Swift - Make func type explicit (in protocol)

Question

Suppose, we have a protocol with typealiases like this:

// common closure types
typealias Action = () -> Void
typealias Consumer<T> = (T) -> Void

// here starts the fun
typealias AsyncAction = (Action?) -> Void
typealias AsyncGetter<T> = (Consumer<T>?) -> Void
typealias AsyncSetter<T> = (T, Action?) -> Void

// make compiler and you happy
typealias Foo = Void
typealias Bar = Void

protocol FooBarDatabaseAccess {
    func doSomething()
    func doSomethingAsync(completion: Action?)//: AsyncAction
    func getFooAsync(completion: Consumer<Foo>?)//: AsyncGetter<Foo>
    func getBarAsync(completion: Consumer<Bar>?)//: AsyncGetter<Bar>
    func setBarAsync(value: Bar, completion: Action?)//: AsyncSetter<Bar>
}

I would like to specify the function type similar to let/var declarations with a colon followed by its assignable type:

/* -- let/var -- */

// implicitly typed as String, determined from initial assignment
let implicitString = ""

// explicitly typed as String, though initialisation is omitted here
let explicitString: String


/* -- func -- */

// implicitly typed as () -> Void, determined from argument/return type(s)
func implicitAction()

// explicitly typed as Action, compiler should complain if it does not conform to the type (alias)
???

How can I achieve that?

A possible workaround is to transform it into a property declaration, but that is confusing:

var explicitAction: Action = { get }

Answer 1

As Action is a typealias and not a type, swift can't differentiate them.
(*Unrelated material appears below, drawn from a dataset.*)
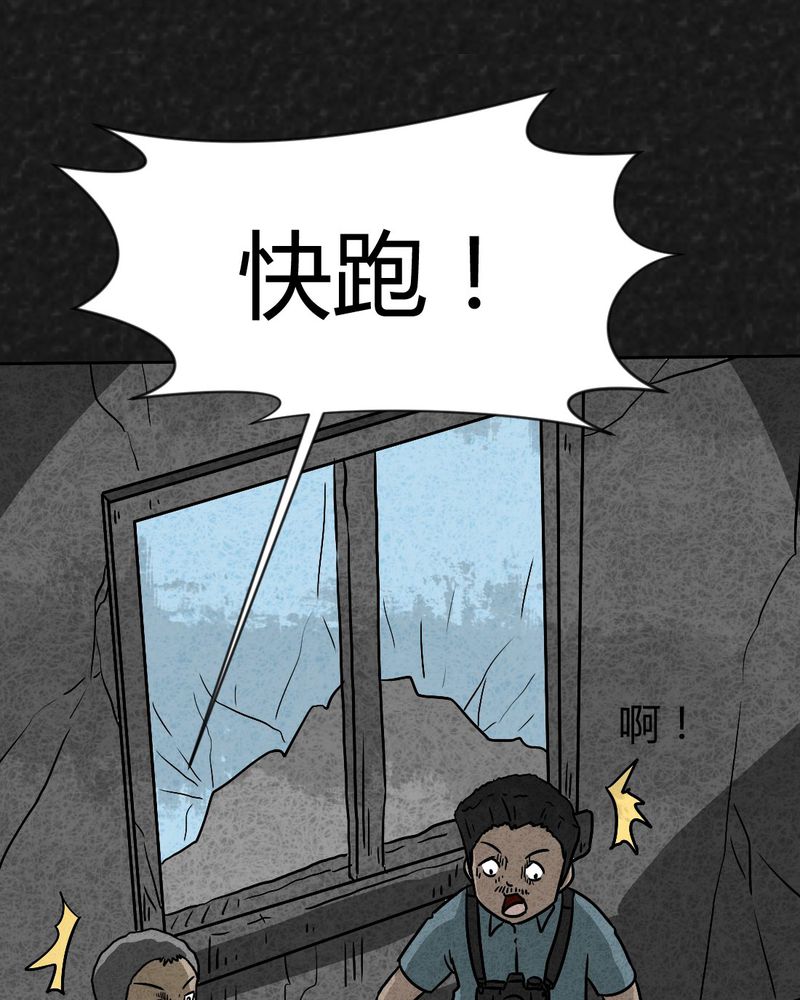 第42章：圆柱体445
As explained in the documentation:

After a type alias is declared, the aliased name can be used instead of the existing type everywhere in your program. The existing type can be a named type or a compound type. Type aliases do not create new types; they simply allow a name to refer to an existing type.

Edit: My bad, I thought you wanted to differentiate () -> Void and Action. As far as I know, using a closure is the only way of doing this in swift.
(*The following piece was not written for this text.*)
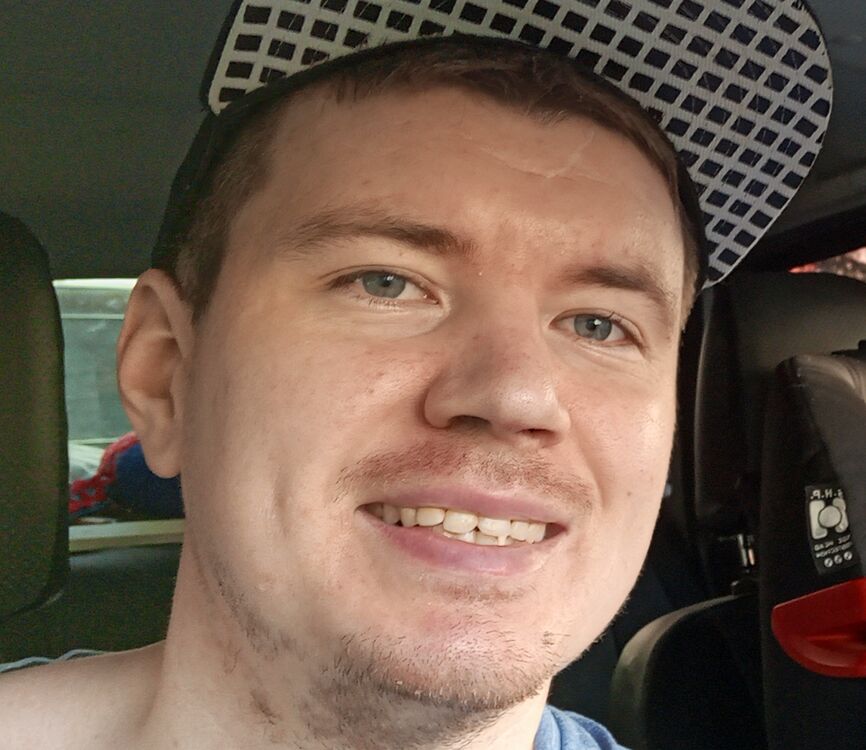 ���� 44323317 ������� Alexander, 33 ����, ���� ���������� � �����-����������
typealias Foo = (Int) -> Void

protocol FooBar {
  var foo: Foo { get }
}

class FooBarBaz: FooBar {
  var foo: Foo = { intValue in
    // ...
  }
}

Edit 2: Additional information:

According to the Grammar of a function declaration, the only way of declaring a function is to explicitly provide a parameter-clause, which require listing all parameters between parentheses:

function-declaration → function-head function-name generic-parameter-clause_opt function-signature generic-where-clause_opt function-body_opt

function-signature → parameter-clause throws_opt function-result_opt

parameter-clause → ( ) | ( parameter-list )

So apparently, it's not possible to declare a function with a type as signature without using a closure.